PROBLEM STATEMENT
The needed output is the run of lines below from the one containing "Used 2020 Toyota" through the one containing "न्याय की मांग", copied exactly and free of pictures.

SOURCE MATERIAL
========================================
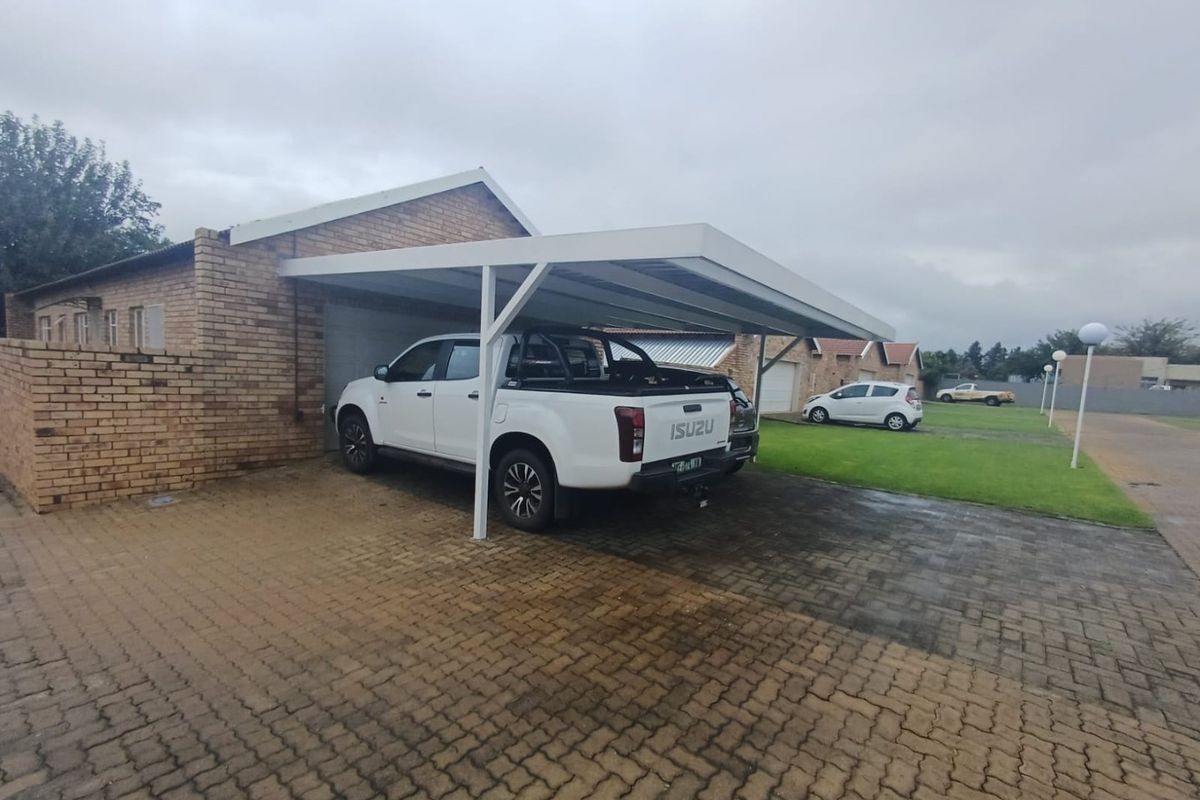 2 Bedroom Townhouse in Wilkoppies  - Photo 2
========================================
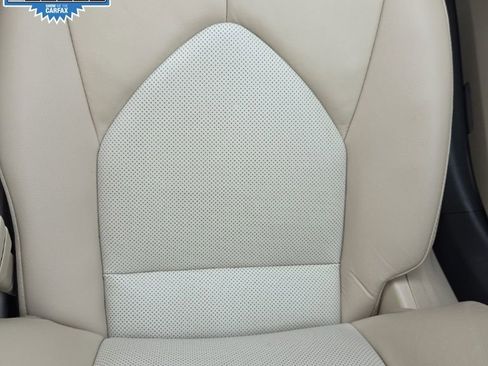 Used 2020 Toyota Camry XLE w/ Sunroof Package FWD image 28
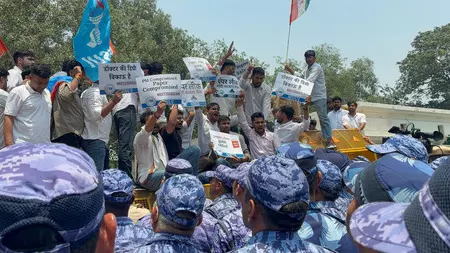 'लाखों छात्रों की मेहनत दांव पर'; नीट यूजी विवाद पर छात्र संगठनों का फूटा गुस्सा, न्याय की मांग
========================================
EXPECTED ANSWER
 Used 2020 Toyota Camry XLE w/ Sunroof Package FWD image 28
 'लाखों छात्रों की मेहनत दांव पर'; नीट यूजी विवाद पर छात्र संगठनों का फूटा गुस्सा, न्याय की मांग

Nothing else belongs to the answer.